▶ _DATA RECORDS_:
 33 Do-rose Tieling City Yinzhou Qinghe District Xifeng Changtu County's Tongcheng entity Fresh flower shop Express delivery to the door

...

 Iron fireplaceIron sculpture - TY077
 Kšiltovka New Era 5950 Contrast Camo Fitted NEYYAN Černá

* * *

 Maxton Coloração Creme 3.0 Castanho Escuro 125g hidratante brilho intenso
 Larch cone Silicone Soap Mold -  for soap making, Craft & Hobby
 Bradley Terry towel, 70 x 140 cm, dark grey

▶ _WHAT NEEDS TO BE DONE_: Would you please repeat exactly the lines above, starting at the line with "Maxton Coloração Creme" and stopping at the line with "Bradley Terry towel, 70 x 140 cm, dark grey", both included?

▶ _FINAL ANSWER_:
 Maxton Coloração Creme 3.0 Castanho Escuro 125g hidratante brilho intenso
 Larch cone Silicone Soap Mold -  for soap making, Craft & Hobby
 Bradley Terry towel, 70 x 140 cm, dark grey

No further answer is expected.